Contro tutti questi interessi viene sollevato, da parte di chi chiede la sospensione automatica delle partite in caso di cori razzisti od antisemiti, l’interesse etico, morale ed anche giuridico (la legge Mancino punisce le manifestazioni razziste ed antisemite). Questo interesse è sacrosanto. Ma per prevalere su tutti gli altri deve poggiare sulla dimensione esorbitante del fenomeno da condannare. Come dire che se la stragrande maggioranza dei tifosi infrange legge, etica e morale è logico stabilire la sospensione dell’incontro di calcio secondo le regole della Figc. Se, al contrario, è solo una parte marginale degli spettatori a compiere atti riprovevoli, il buon senso non può non far prevalere gli altri interessi, quelli dello Stato, delle Forze dell’Ordine, delle società, dei tifosi non colpevoli, dello sport.
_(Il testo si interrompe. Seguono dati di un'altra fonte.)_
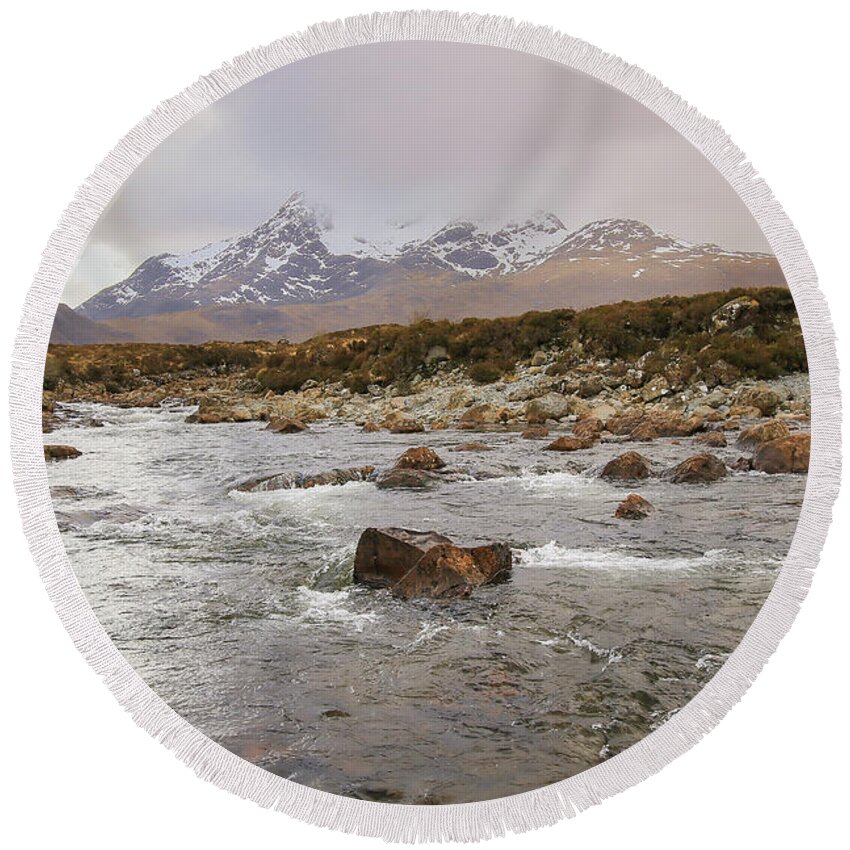 River Sligachan Round Beach Towel featuring the photograph Eternal Beauty by Holly Ross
La cultura politicamente corretta non prevede l’applicazione della proporzione e del buon senso. Senza rendersi minimamente conto che se la sua regola manichea venisse applicata, Stato, Polizia, società, tifosi e lo Sport sarebbero alla mercé di qualsiasi gruppuscolo deciso ad imporre la propria volontà prevaricatrice e ricattatrice alle istituzioni ed alla società civile.